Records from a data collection
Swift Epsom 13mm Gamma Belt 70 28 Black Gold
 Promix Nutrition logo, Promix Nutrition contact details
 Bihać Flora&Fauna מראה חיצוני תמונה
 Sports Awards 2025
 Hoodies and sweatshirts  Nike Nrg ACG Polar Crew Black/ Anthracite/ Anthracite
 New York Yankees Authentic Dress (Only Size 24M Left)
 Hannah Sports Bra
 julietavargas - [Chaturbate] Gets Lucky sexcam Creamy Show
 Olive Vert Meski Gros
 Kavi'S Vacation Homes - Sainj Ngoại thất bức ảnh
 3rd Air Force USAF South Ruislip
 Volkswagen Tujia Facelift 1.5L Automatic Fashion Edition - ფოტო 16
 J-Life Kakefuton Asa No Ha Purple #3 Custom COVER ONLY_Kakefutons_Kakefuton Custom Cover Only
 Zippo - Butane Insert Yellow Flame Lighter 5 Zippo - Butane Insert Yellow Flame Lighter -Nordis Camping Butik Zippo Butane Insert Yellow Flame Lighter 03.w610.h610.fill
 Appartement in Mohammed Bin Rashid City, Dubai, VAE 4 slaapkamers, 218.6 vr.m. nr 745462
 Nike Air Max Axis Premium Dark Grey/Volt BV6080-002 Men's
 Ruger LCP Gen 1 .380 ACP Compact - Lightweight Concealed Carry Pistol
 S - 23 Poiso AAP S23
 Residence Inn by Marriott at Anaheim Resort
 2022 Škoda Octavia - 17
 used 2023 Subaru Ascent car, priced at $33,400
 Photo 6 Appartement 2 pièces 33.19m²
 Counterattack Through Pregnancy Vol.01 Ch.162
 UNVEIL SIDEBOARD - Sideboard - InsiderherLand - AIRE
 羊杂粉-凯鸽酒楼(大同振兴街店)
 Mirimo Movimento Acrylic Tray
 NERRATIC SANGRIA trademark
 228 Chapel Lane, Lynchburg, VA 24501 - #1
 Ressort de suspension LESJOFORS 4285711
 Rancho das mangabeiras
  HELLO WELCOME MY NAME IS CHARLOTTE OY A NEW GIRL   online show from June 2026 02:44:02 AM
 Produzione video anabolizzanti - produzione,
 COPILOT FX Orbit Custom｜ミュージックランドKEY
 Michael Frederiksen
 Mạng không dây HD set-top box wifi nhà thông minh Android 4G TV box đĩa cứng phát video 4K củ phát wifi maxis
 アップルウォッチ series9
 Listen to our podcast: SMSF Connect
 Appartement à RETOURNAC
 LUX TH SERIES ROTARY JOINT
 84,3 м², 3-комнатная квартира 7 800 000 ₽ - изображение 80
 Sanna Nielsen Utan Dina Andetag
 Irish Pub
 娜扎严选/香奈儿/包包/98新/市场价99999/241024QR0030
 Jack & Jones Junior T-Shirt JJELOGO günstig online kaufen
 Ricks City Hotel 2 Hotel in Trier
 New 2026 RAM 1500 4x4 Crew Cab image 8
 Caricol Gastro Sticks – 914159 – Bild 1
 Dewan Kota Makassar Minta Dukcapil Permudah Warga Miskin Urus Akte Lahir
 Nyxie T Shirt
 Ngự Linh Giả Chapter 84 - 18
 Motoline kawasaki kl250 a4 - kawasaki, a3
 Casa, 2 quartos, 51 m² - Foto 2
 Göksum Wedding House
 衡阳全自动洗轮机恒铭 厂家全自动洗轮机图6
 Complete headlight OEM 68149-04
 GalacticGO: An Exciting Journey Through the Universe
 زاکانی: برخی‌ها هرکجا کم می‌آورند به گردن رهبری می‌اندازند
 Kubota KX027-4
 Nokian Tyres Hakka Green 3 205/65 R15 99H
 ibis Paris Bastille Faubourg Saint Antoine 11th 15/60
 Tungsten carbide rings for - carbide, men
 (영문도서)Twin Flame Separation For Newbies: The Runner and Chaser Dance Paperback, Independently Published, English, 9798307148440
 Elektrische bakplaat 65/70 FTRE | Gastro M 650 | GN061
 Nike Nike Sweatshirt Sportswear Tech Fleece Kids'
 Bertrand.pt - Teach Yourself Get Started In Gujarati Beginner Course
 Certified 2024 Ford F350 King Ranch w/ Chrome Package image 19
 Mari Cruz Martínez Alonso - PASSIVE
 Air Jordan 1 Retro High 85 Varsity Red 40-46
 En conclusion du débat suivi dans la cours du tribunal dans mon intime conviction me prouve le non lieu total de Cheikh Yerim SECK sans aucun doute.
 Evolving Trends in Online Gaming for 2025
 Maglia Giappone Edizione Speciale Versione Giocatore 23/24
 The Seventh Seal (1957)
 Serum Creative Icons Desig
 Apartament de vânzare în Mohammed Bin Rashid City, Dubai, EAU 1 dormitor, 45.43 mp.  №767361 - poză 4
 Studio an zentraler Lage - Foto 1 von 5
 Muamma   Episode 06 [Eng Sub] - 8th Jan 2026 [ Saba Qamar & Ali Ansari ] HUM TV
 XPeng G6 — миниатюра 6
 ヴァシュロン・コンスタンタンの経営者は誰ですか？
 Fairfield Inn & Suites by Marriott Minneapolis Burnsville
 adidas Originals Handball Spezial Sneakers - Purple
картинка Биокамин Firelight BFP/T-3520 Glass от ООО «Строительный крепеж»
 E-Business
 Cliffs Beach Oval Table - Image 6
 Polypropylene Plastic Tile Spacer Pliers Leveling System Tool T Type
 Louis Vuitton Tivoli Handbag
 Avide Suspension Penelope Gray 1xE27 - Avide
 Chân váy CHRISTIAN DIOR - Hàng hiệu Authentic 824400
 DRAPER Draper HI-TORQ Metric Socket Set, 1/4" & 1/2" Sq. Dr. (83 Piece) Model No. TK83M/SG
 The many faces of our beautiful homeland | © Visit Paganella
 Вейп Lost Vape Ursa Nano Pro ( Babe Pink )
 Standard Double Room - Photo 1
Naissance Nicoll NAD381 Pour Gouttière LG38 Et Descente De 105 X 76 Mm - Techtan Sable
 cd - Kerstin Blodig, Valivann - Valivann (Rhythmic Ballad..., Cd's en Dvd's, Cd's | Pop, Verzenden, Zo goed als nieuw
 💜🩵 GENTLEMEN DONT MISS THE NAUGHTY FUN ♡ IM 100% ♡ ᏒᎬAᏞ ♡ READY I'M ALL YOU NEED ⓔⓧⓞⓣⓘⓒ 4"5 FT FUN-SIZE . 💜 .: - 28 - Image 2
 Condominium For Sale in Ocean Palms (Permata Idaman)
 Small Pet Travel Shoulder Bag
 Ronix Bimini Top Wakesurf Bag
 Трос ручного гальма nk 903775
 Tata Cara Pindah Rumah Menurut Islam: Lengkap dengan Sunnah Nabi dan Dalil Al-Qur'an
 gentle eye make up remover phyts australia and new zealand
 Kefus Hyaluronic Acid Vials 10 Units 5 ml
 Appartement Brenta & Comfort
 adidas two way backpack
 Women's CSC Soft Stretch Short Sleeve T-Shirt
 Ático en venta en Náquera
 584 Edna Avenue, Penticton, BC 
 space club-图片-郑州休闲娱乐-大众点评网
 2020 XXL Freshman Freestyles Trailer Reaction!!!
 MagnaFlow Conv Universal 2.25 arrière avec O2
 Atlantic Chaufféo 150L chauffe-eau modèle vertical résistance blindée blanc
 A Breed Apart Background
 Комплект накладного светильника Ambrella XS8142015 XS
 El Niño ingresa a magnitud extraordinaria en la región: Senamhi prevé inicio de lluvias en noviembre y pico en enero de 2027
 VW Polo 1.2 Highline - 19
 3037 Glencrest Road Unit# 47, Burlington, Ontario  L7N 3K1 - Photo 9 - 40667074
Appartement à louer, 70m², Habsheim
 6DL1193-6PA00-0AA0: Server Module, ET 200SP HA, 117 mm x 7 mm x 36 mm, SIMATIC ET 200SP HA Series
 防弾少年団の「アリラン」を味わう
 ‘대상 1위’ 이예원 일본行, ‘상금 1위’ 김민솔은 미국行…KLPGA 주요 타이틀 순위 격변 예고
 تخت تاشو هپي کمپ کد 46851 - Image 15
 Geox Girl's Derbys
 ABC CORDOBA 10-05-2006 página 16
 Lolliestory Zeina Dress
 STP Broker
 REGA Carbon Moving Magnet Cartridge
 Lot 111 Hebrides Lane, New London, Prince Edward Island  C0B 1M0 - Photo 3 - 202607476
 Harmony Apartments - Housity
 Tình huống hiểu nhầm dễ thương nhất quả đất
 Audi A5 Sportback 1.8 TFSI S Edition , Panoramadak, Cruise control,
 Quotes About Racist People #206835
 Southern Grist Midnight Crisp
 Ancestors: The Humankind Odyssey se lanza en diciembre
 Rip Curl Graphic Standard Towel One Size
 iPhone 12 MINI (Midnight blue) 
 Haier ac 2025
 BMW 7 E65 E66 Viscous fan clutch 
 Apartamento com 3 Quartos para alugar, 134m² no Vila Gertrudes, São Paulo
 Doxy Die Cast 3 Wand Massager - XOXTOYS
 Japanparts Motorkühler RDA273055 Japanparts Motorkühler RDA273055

Required work
Find the word "Appartement" in the data and show each line that holds it.

Written response
 Appartement in Mohammed Bin Rashid City, Dubai, VAE 4 slaapkamers, 218.6 vr.m. nr 745462
 Photo 6 Appartement 2 pièces 33.19m²
 Appartement à RETOURNAC
 Appartement Brenta & Comfort
Appartement à louer, 70m², Habsheim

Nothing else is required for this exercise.